## Task instructions:
The following data is to be repeated exactly, its pictures excluded.
------ Data extract
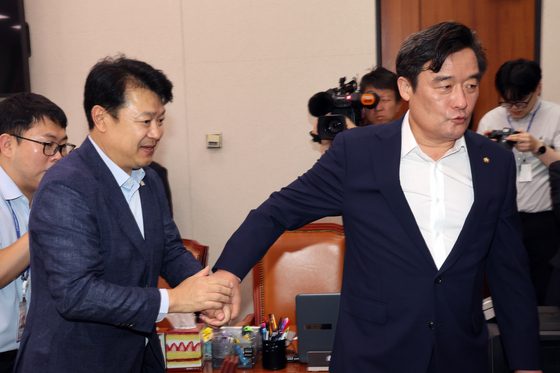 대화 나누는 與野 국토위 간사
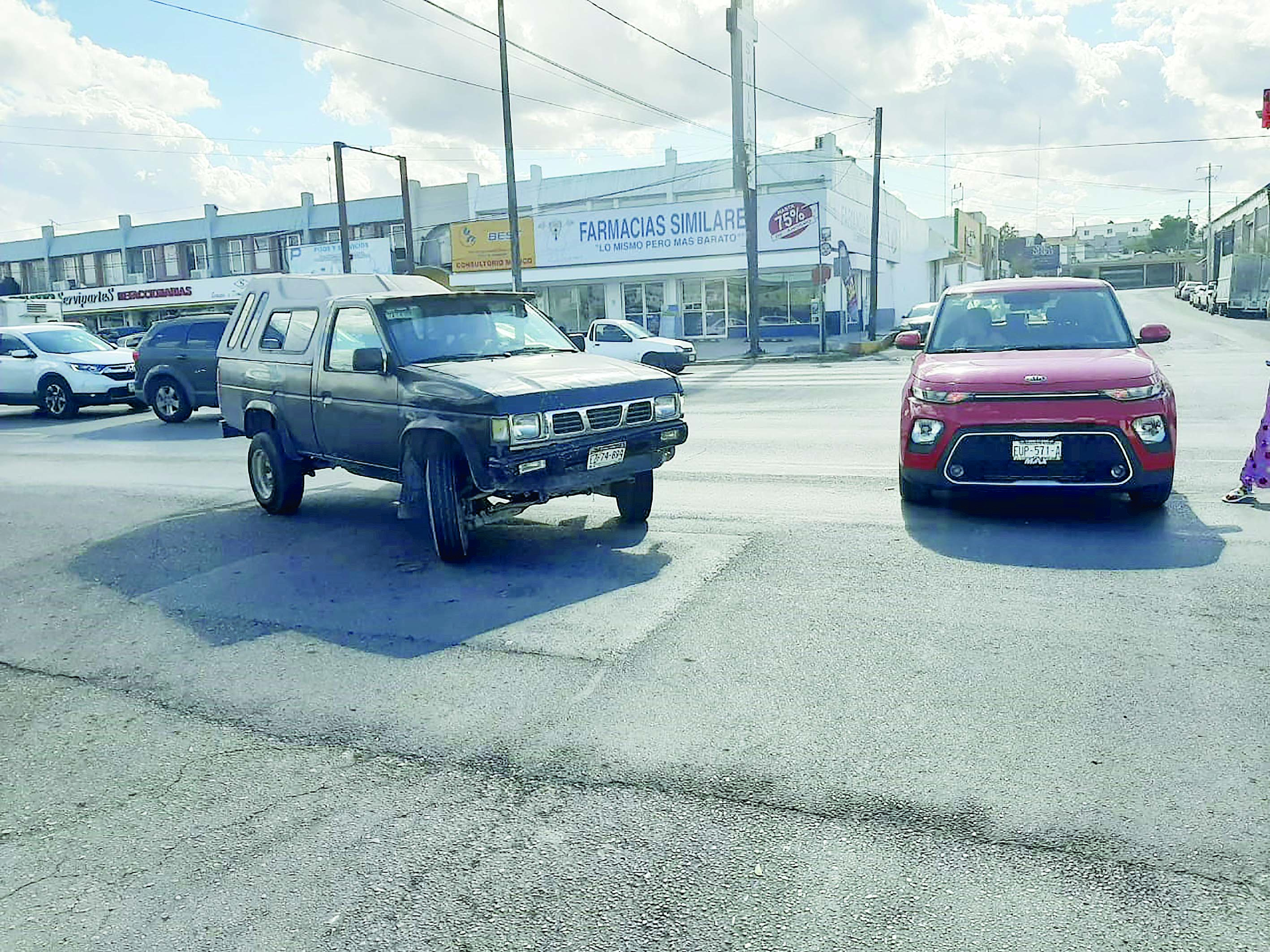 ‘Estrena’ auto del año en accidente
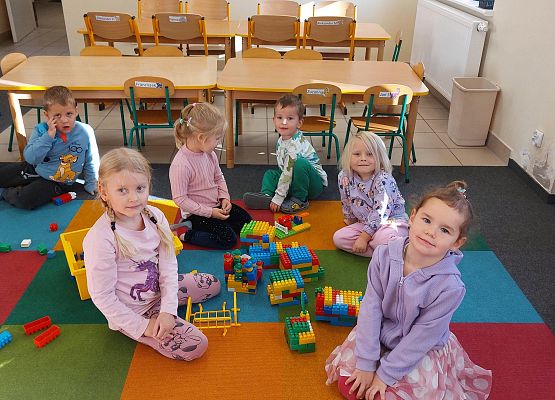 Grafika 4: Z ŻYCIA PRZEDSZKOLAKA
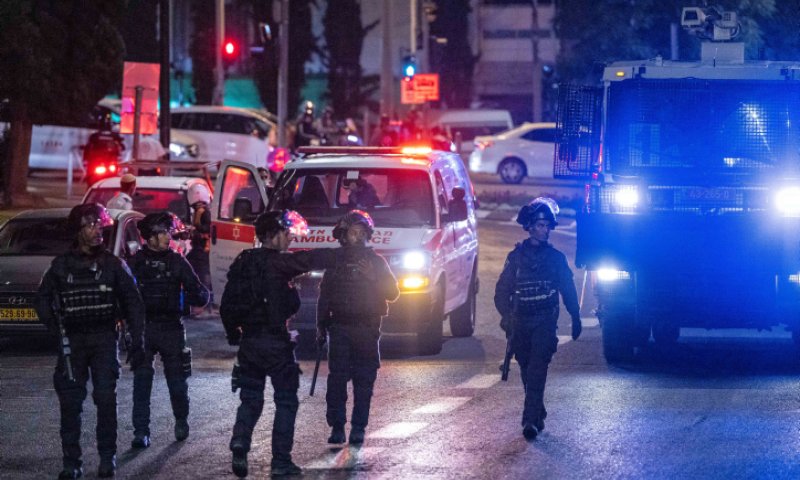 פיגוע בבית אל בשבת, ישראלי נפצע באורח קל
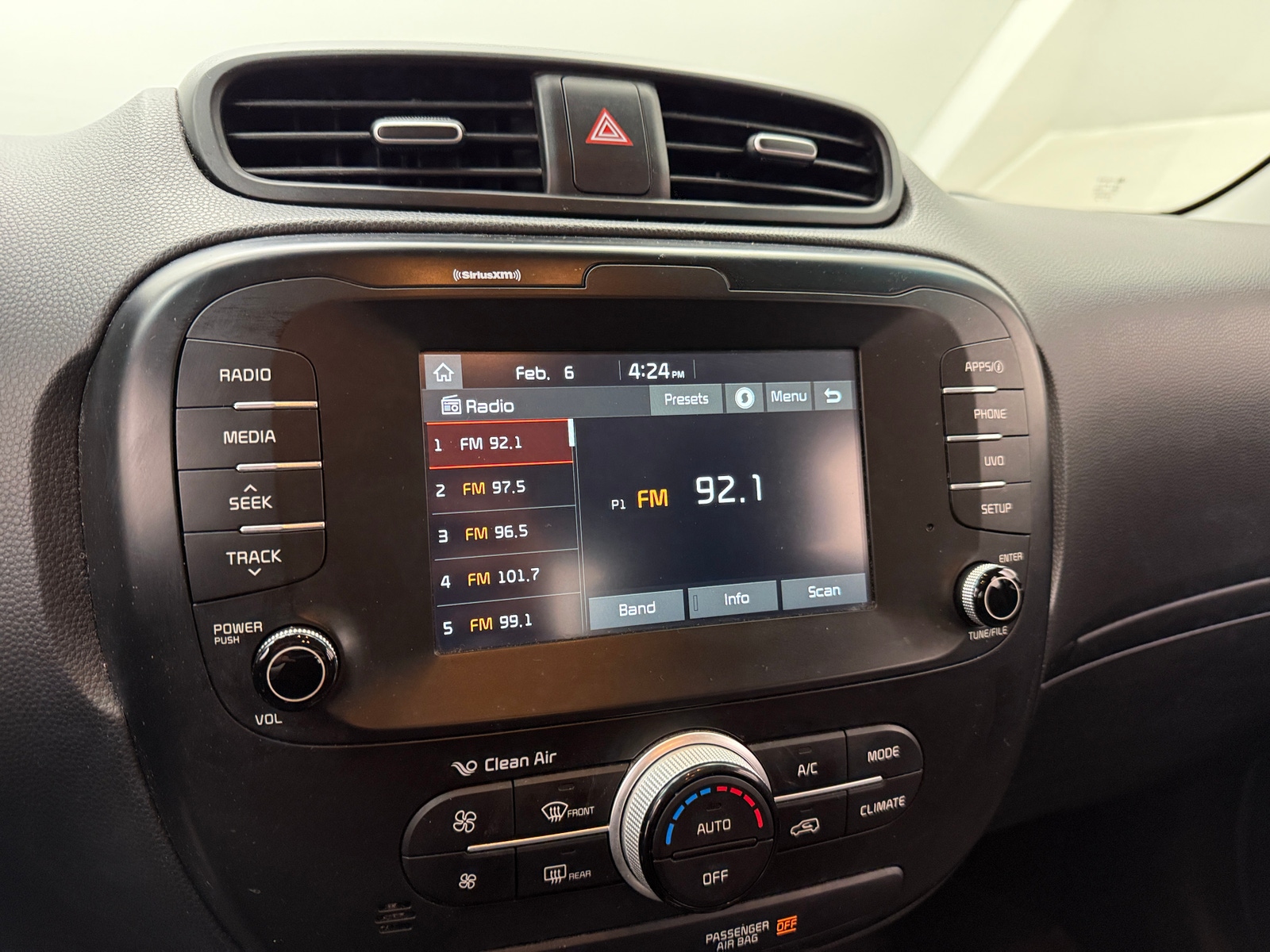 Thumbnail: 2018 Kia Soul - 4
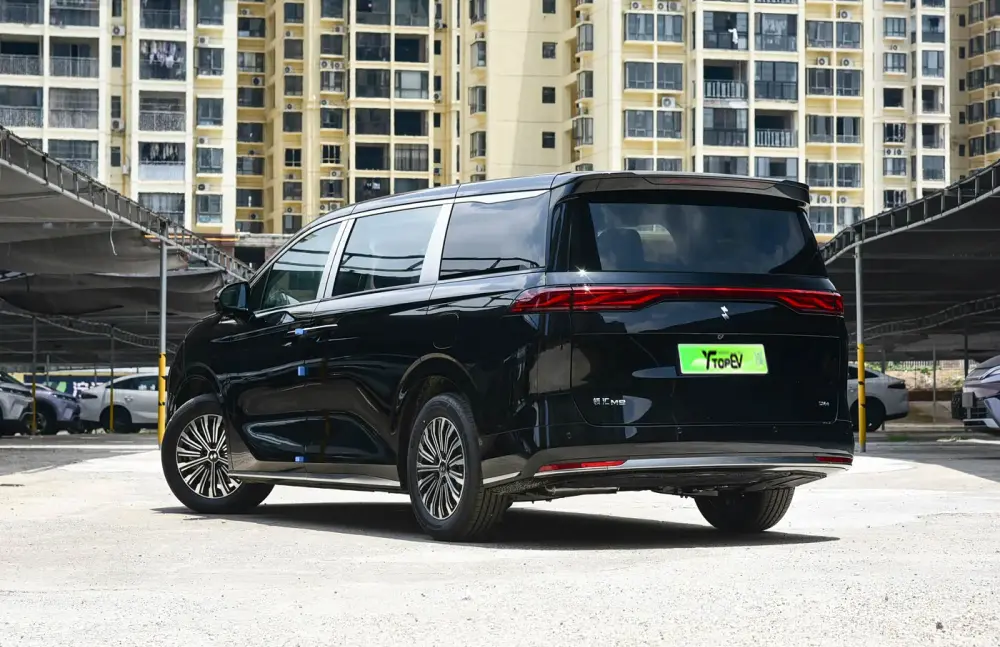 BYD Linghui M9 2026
------------
## Solution for this task:
 대화 나누는 與野 국토위 간사
 ‘Estrena’ auto del año en accidente
 Grafika 4: Z ŻYCIA PRZEDSZKOLAKA
 פיגוע בבית אל בשבת, ישראלי נפצע באורח קל
 Thumbnail: 2018 Kia Soul - 4
 BYD Linghui M9 2026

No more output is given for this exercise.